Up next, I literally have 5 Total War games on my laptop. So obviously it will be Stellaris.

Finished up Tell Tale's Guardians of the Galaxy. Man, this was a buggy one, but still fun. And hearing all of the licensed music they had to purchase the rights to...it almost hurts to hear after knowing what went down with Tell Tale going out of business. Speaking of that, it is a bummer to see them setting stuff up for future games (same with their Batman series) that were just not to be.

Budo wrote:

Up next, I literally have 5 Total War games on my laptop.

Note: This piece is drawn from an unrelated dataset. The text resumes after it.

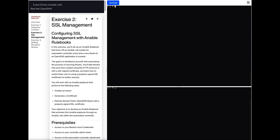Let's check out the demo. We're going to configure SSL management with your Ansible rulebooks. We're going to create an Ansible rulebook that kicks off an Ansible job within our automation controller every time a new route is created within our OpenShift application. We're going to be using an application called RocketChat. When this application is deployed, it deploys a route, and a playbook will create a valid certificate using Let's Encrypt. This means developers creating applications don't have to worry about keeping up with properly signed certificates — they'll inherit them automatically.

So obviously it will be Stellaris.

Stellaris has swung back onto my radar as well, although I am going to wait for the next DLC / Patch drop.

I missed the Stellaris bandwagon and now there's over $150 of DLC and expansions. I'll have to watch out for a sale on this before I can get it.

Sorbicol wrote:
Budo wrote:

Up next, I literally have 5 Total War games on my laptop. So obviously it will be Stellaris.

Stellaris has swung back onto my radar as well, although I am going to wait for the next DLC / Patch drop.

Same. This will be the time when the game will take!

Budo wrote:

After playing two games (Cyberpunk and Hades) that were massive time sinks, I was ready for something short, cute, and complete. And I got just that with Old Man's Journey...

Thanks, you've reminded me that I actually bought that on sale a while ago but never got around to playing it! I'll move it up to the top of the pile.